In St. Louis, he was a leader in the civil rights movement giving of his time and money. In the mid-1960s, the Blount family was the first Black family to integrate the wealthy suburb of Ladue where they endured years of prejudice and discrimination. At the Reverend Martin Luther King's funeral procession, he marched alongside Robert Kennedy, just prior to his assassination. One night, he was called on to remove a bullet from a Black Panther who had been shot.
Dr. Blount also was a sports fan, involved in coaching and later revived his desire to excel in track and field. He initially was the tennis coach to his oldest four children, all of whom won the St. Louis District Tennis Championship in the 12-and-under category. His eldest child, Renee Blount became a professional tennis player and the first Black woman to win a WTA Championship. In his 50s, he enjoyed competing in marathons, 400 K, and other track events. In fact, he was the fastest runner in St. Louis in his age group. In 1983, he won the bronze medal in the 400 K's SO-year-old age group at the international World Masters Athletic Championship in San Juan, Puerto Rico. Dr. Blount was also a writer. He spent countless hours on his manuscript based on running the Boston Marathon. After retiring from his surgery practice, he pursued wellness and fitness training and worked as a rehabilitation coordinator/specialist. He attended Cote Brilliante Presbyterian Church for over a decade and he thoroughly enjoyed teaching Sunday school.

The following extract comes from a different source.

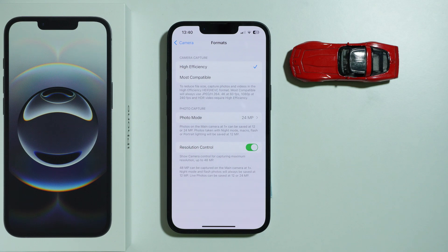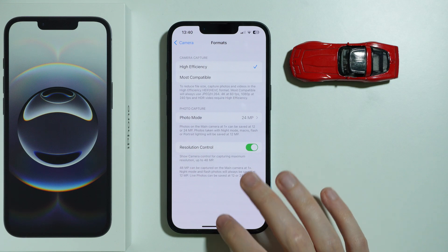If you have night mode or flash enabled, then photos will be saved at 12 megapixels, and live photos can be saved at 12 or 24 megapixels.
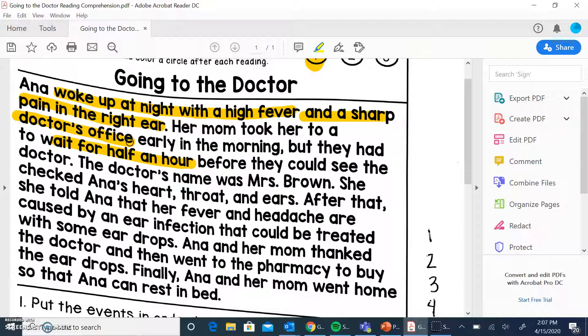The doctor's name was Mrs. Brown. She checked Anna's heart, throat, and ears — so the fact that she checked all these parts is probably important to why she was there. After that, she told Anna that her fever and headache are caused by an ear infection that can be treated with some ear drops. So she had an ear infection — that's why everything was bothering her.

Dr. Blount was social, well cultured, and enjoyed a wide circle of friends. He had a passion for the arts, languages, books, and music. He liked attending art exhibits and book signings and would often gift family and friends inscribed books. It was his way of encouraging the youth to read, supporting Black authors, and in turn giving back to a community for which he held an undying love. In line with his love of languages, he spent a great deal of time teaching himself Swahili, Yoruba, French, Spanish, and even a little Hebrew. He would often teach those around him a broken word or two. Dr. Blount was a supportive, gentle, and kind soul. He was known to leave long voicemail messages reminding you to "drink your water" and to remember "every day is a blessing." Countless times former patients would approach him and share detailed stories of how Dr. Blount had literally saved their lives with this or that surgery procedure. He would humbly brush it off with a big smile and say in that unique way he elongated the word, "no-0-0-0-0-0." Long after he retired from his medical practice, he retained compassionate bedside manners and visited with friends and family in the hospital. He was doing rounds long after he was off the schedule. It is impossible to sum up such a full life, but he will undoubtedly be missed and remembered fondly by those who were blessed to know him.
He was predeceased by his parents, younger brother, Raymond Blount, younger sister, Annette Lambert, former wife, Mae Blount, and daughter, Kaye Blount. He is survived by his sister, Ardella Buren; brother, Frederick Blount (Delores) and their daughters, Danielle and Michelle; daughters, Renee, Melissa and Colette Blount; and sons, Lee Blount III and Rameses Blount; granddaughter, Josephine Blount; and other family members, Sharon Jones, Gail Hill, Dr. Anthony Buren M.D. (Mary), Biliary, Francis, Henry; as well as extended family, Jeanie Hughes, Lekitta Hughes, Monica Hughes, Lamont Hughes; best friend and brother, Donald Suggs; companion, Olverne Lanier, Goddaughters, Marisa Lanier, Shellie Lanier-Ferguson (Ray); and close friend and sister, Lorraine Merchant.